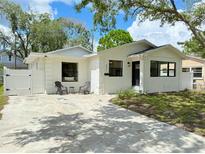 Charming white single-story home with modern windows and a well-manicured front yard at 321 42Nd S Ave, St Petersburg, FL 33705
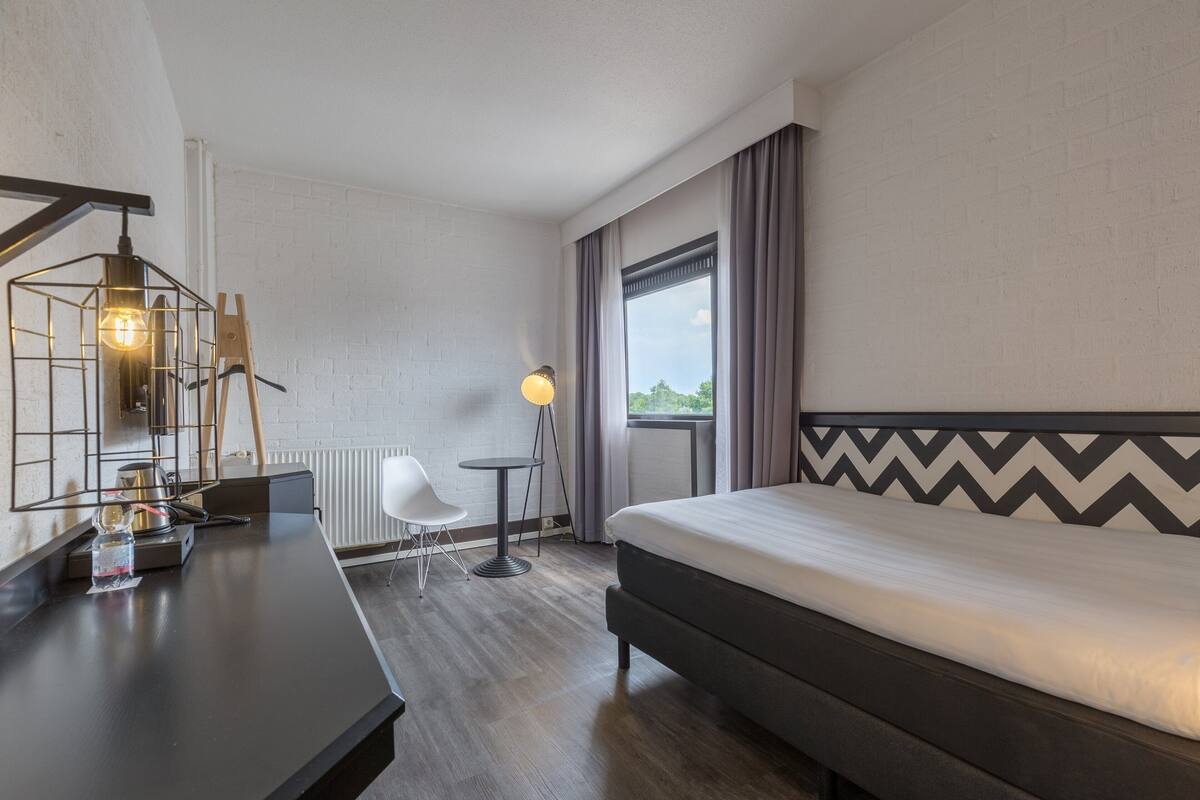 Een hotelkamer met een bed, een bureau, een stoel, een lamp en een raam met gordijnen.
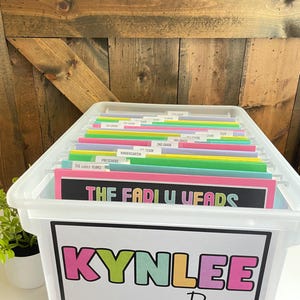 Op de afbeelding: Een doorzichtige plastic opbergbak gevuld met kleurrijke ordners. De bak heeft een label met de tekst "KYNLEE Ray" in een speels lettertype. De ordners zijn gelabeld met klasniveaus en "THE EARLY YEARS".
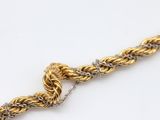 a close up of a gold chain with a knot on it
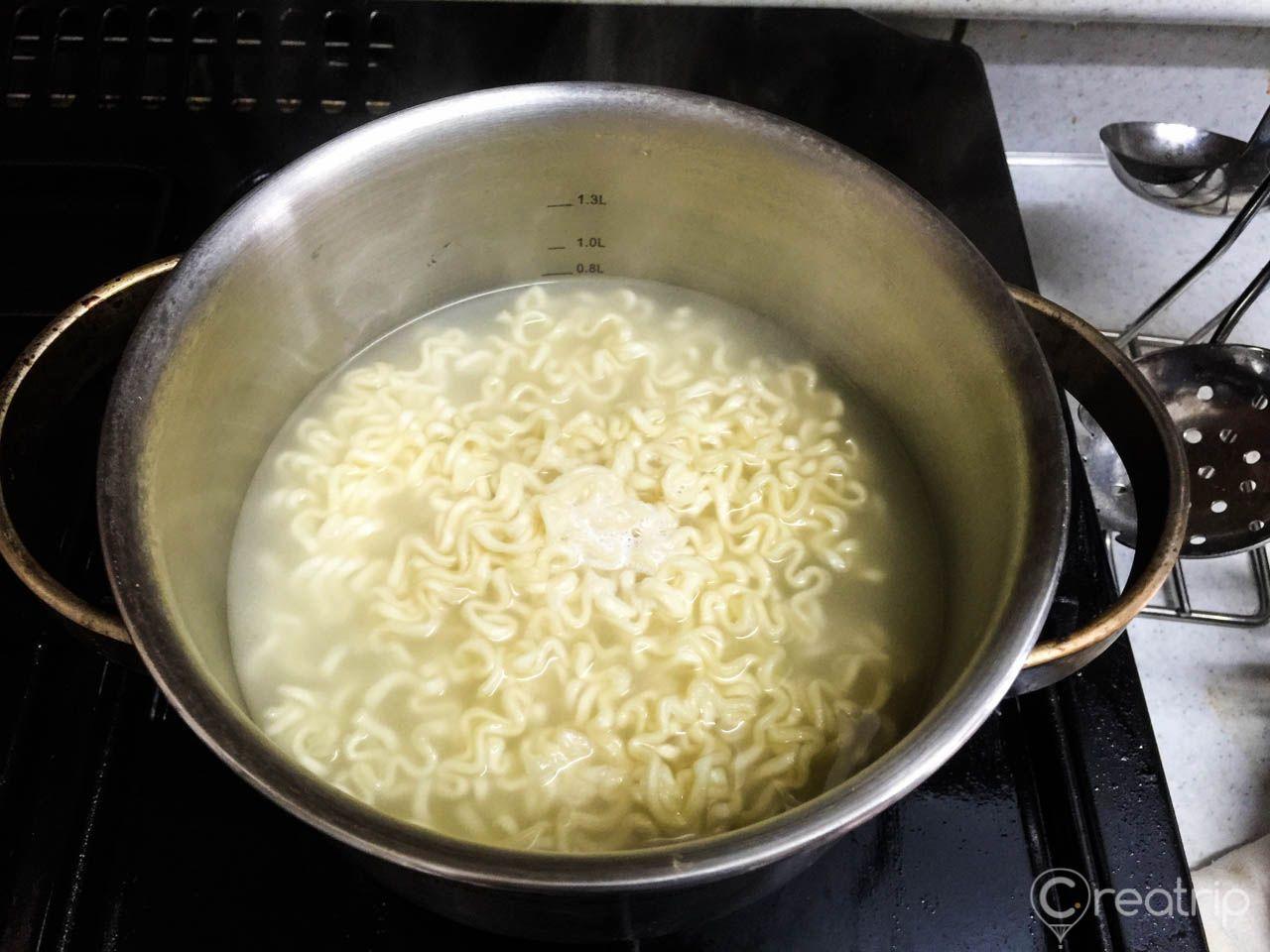 一鍋半熟的辣炒雞麵，面條膨脹且泡在熱水中，準備接下來的調味步驟。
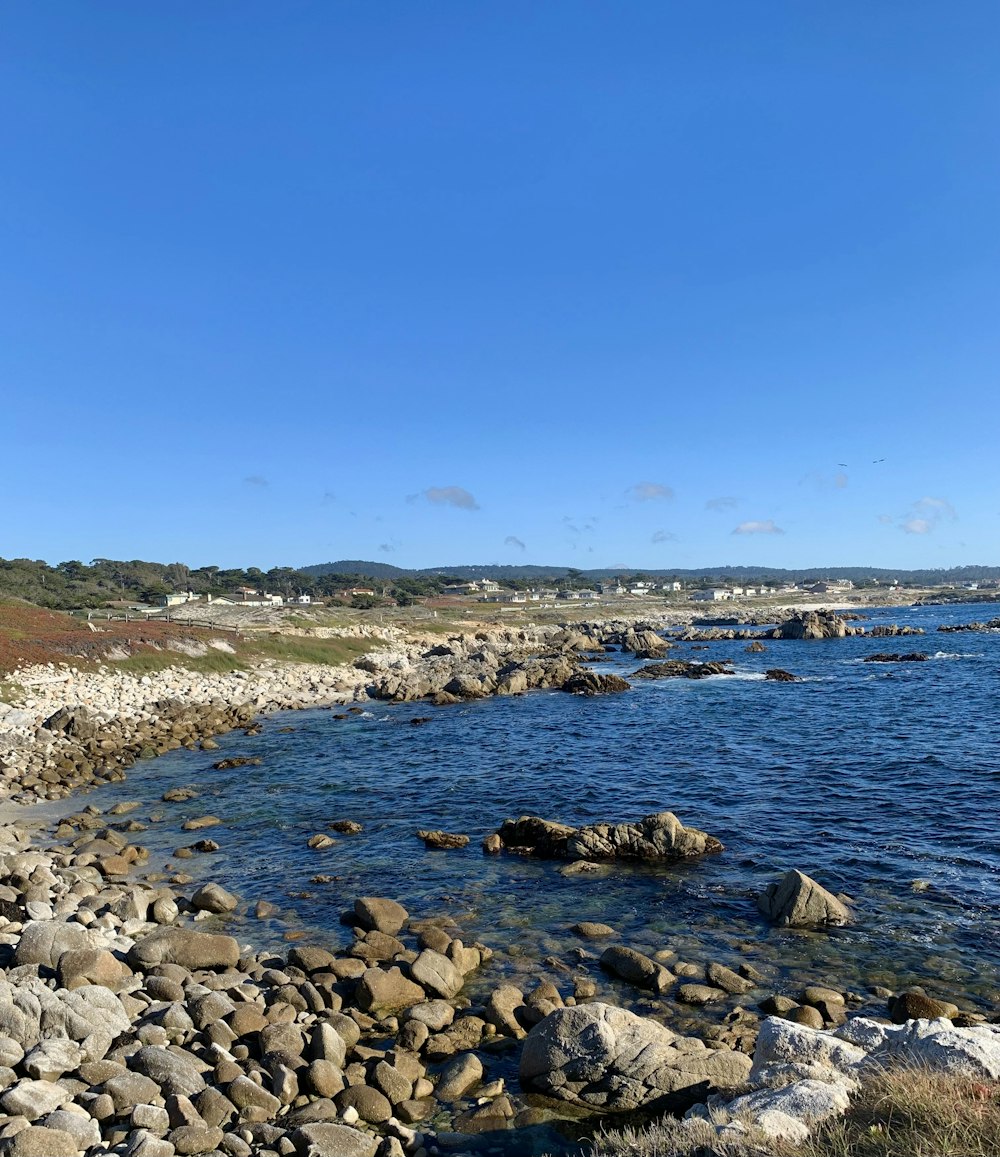 a rocky beach with blue water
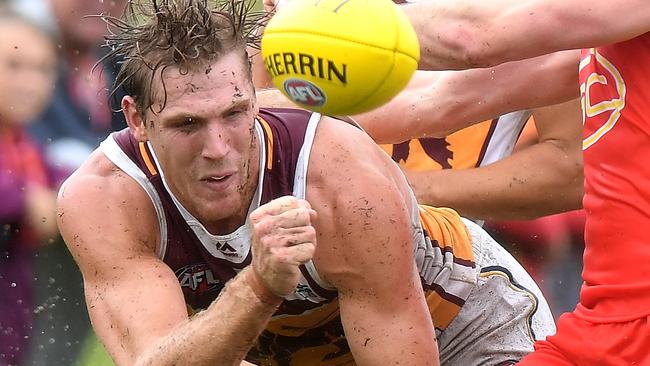 BRISBANE, AUSTRALIA - MARCH 11:  Tom Bell of the Lions gets a handball away during the JLT Community Series AFL match between the Gold Coast Suns and the Brisbane Lions at Fankhauser Reserve on March 11, 2018 in Brisbane, Australia.  (Photo by Bradley Kanaris/Getty Images)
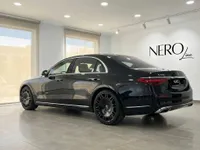 The gloss black Mercedes-Benz S 450 4MATIC is elegantly parked in a showroom in Alicante, Spain, showcasing its sleek rear three-quarter profile.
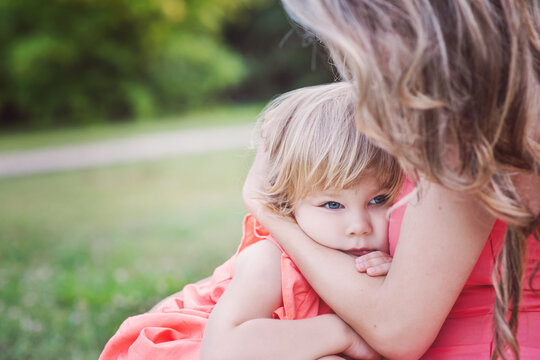 Cute little girl snuggling with her mother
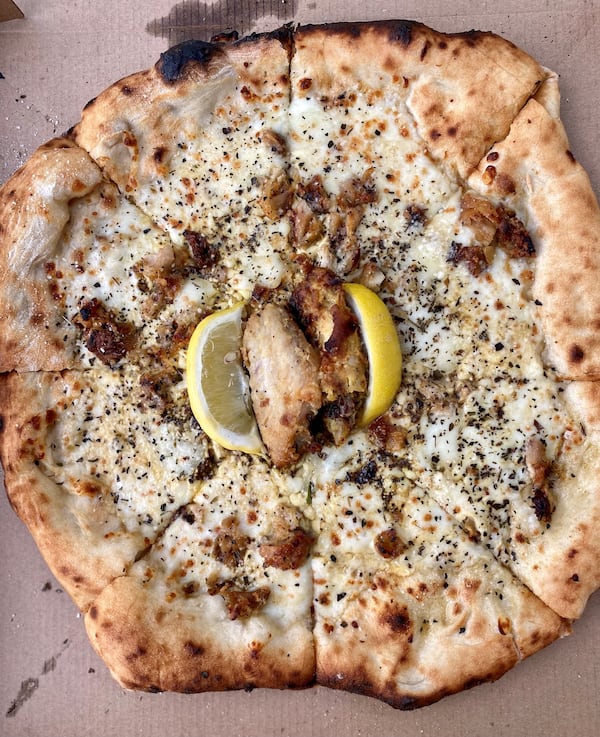 Since creating his original lemon pepper wet pizza last year, Matthew Foster’s ghost pizza kitchen, Phew’s Pies, really has taken off. Wendell Brock for The Atlanta Journal-Constitution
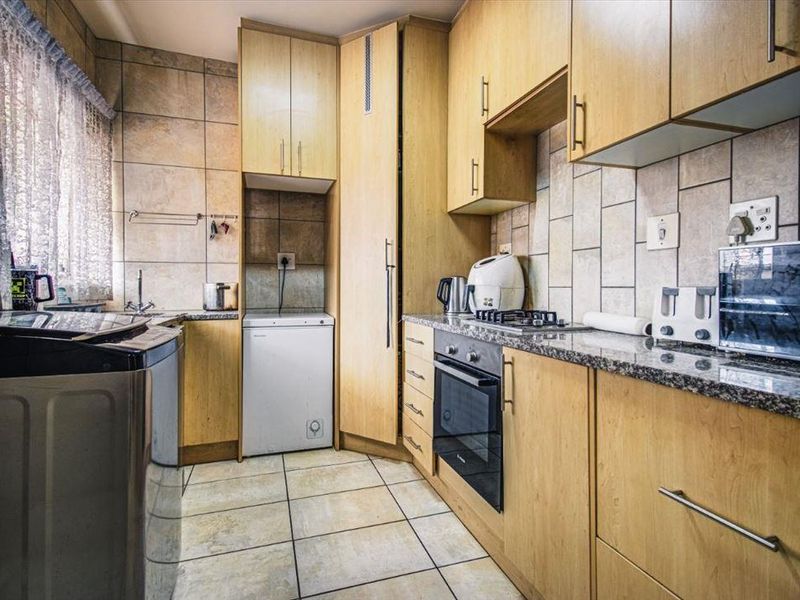Functional kitchen featuring light wood cabinetry, granite countertops, built-in oven, gas hob, and tiled finishes throughout.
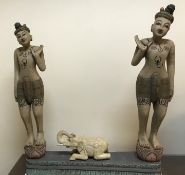 A carved and painted Indonesian gong stand as two figures, their hands raised, flanking an elephant,
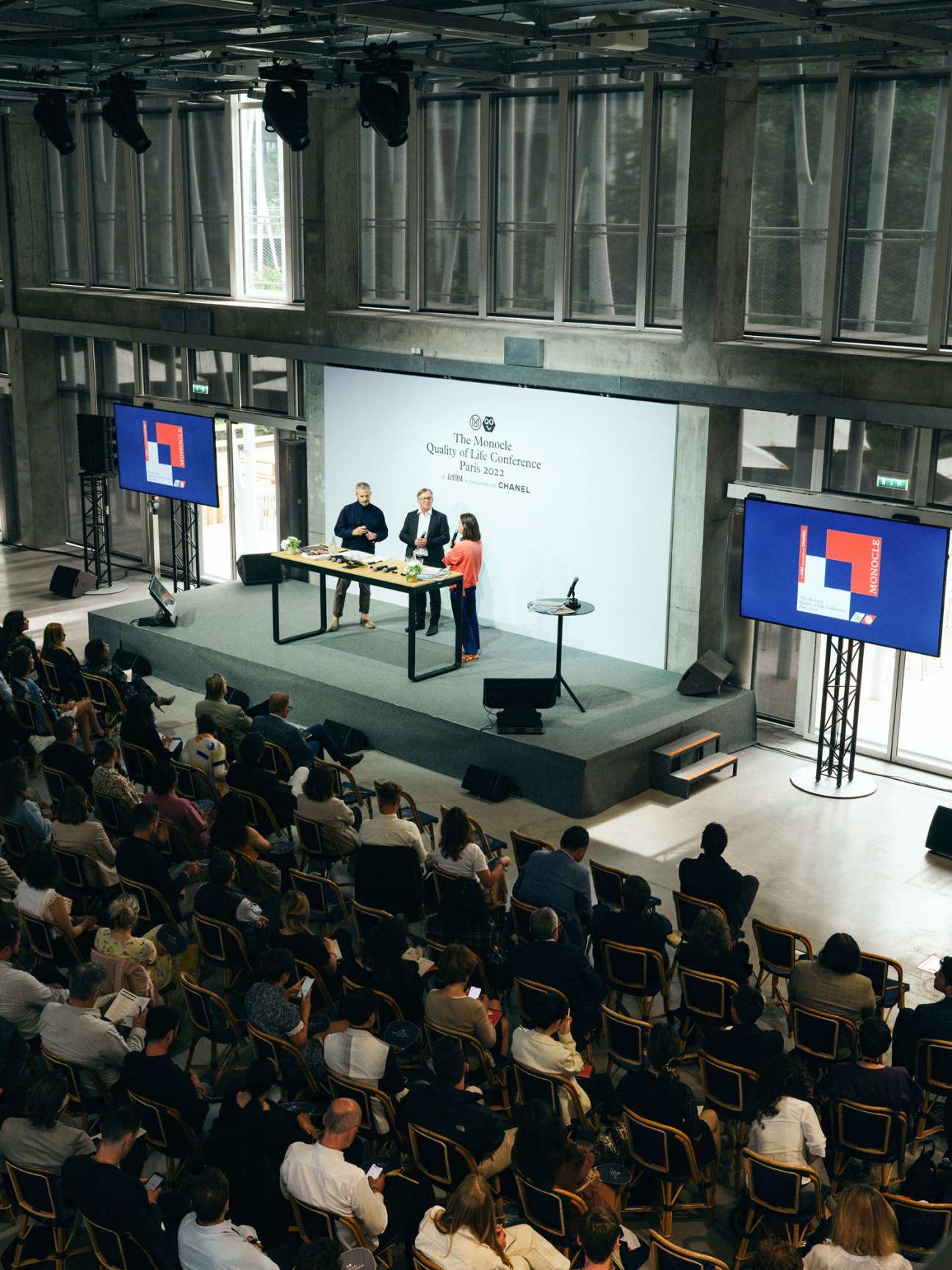 Speakers presenting at Monocle's Quality of Life Conference in Paris with audience seated below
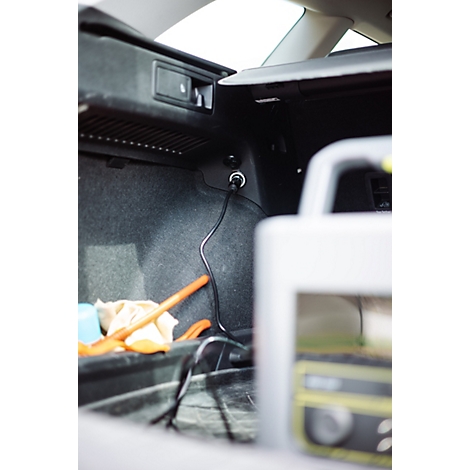 Ein im Kofferraum eines Autos angeschlossenes Ladegerät mit schwarzem Kabel an der 12-Volt-Steckdose.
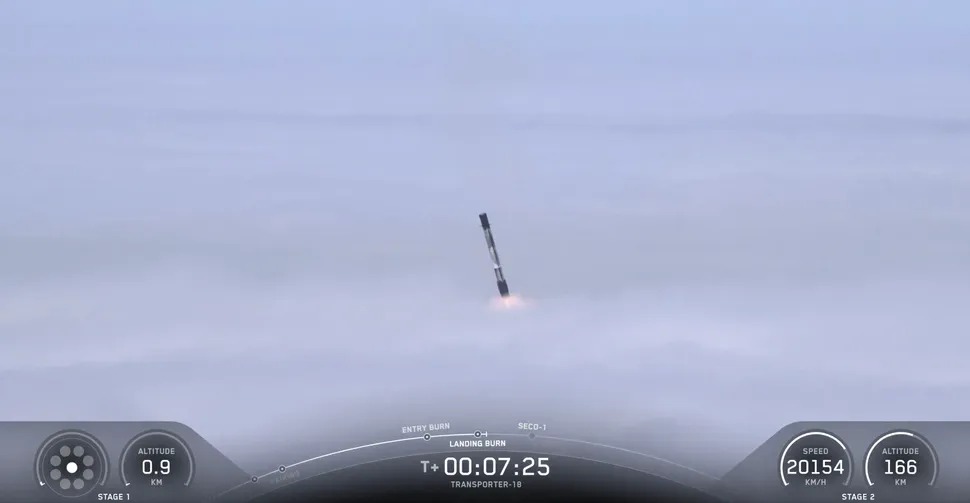 The Falcon 9 first stage that launched the Transporter-18 mission pierces the clouds above California's Vandenberg Space Force Base during its return to Earth on Oct. 1, 2026. (Image credit: SpaceX)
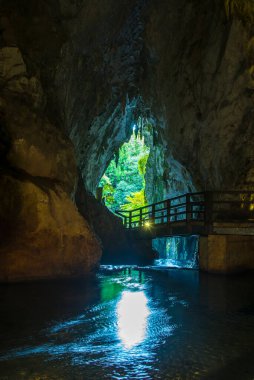 Su üzerinde köprüsü olan dağlarda güzel bir mağara.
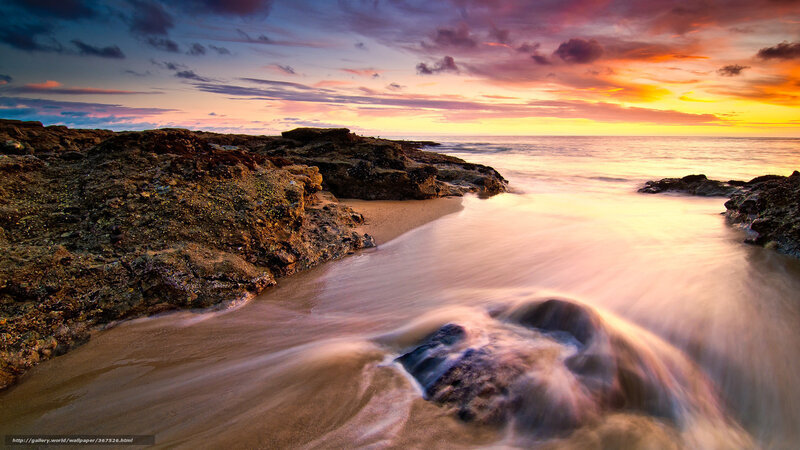 Sunset over rocky beach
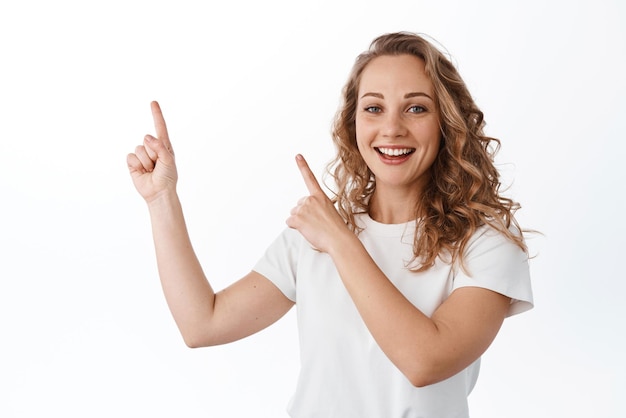 Young blond woman smiling cheerful pointing at upper left corner copyspace showing advertisement standing over white background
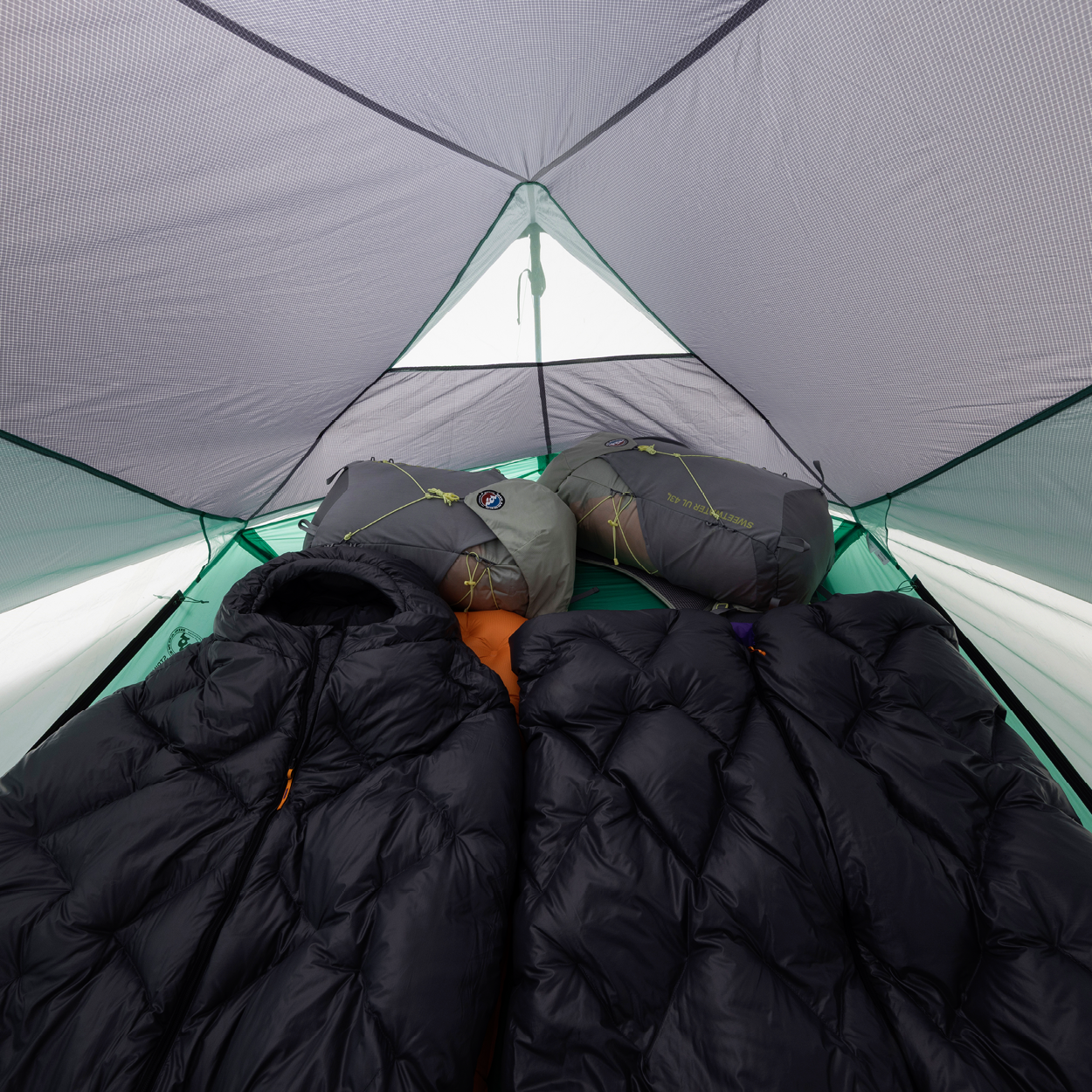 Person lying inside a tent with sleeping bags and a black quilt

• • • • •

* **PROBLEM**:
Since the listing holds pictures, return everything else in it exactly and omit those.

* **EXERCISE ANSWER**:
 Charming white single-story home with modern windows and a well-manicured front yard at 321 42Nd S Ave, St Petersburg, FL 33705
 Een hotelkamer met een bed, een bureau, een stoel, een lamp en een raam met gordijnen.
 Op de afbeelding: Een doorzichtige plastic opbergbak gevuld met kleurrijke ordners. De bak heeft een label met de tekst "KYNLEE Ray" in een speels lettertype. De ordners zijn gelabeld met klasniveaus en "THE EARLY YEARS".
 a close up of a gold chain with a knot on it
 一鍋半熟的辣炒雞麵，面條膨脹且泡在熱水中，準備接下來的調味步驟。
 a rocky beach with blue water
 BRISBANE, AUSTRALIA - MARCH 11:  Tom Bell of the Lions gets a handball away during the JLT Community Series AFL match between the Gold Coast Suns and the Brisbane Lions at Fankhauser Reserve on March 11, 2018 in Brisbane, Australia.  (Photo by Bradley Kanaris/Getty Images)
 The gloss black Mercedes-Benz S 450 4MATIC is elegantly parked in a showroom in Alicante, Spain, showcasing its sleek rear three-quarter profile.
 Cute little girl snuggling with her mother
 Since creating his original lemon pepper wet pizza last year, Matthew Foster’s ghost pizza kitchen, Phew’s Pies, really has taken off. Wendell Brock for The Atlanta Journal-Constitution
Functional kitchen featuring light wood cabinetry, granite countertops, built-in oven, gas hob, and tiled finishes throughout.
 A carved and painted Indonesian gong stand as two figures, their hands raised, flanking an elephant,
 Speakers presenting at Monocle's Quality of Life Conference in Paris with audience seated below
 Ein im Kofferraum eines Autos angeschlossenes Ladegerät mit schwarzem Kabel an der 12-Volt-Steckdose.
 The Falcon 9 first stage that launched the Transporter-18 mission pierces the clouds above California's Vandenberg Space Force Base during its return to Earth on Oct. 1, 2026. (Image credit: SpaceX)
 Su üzerinde köprüsü olan dağlarda güzel bir mağara.
 Sunset over rocky beach
 Young blond woman smiling cheerful pointing at upper left corner copyspace showing advertisement standing over white background
 Person lying inside a tent with sleeping bags and a black quilt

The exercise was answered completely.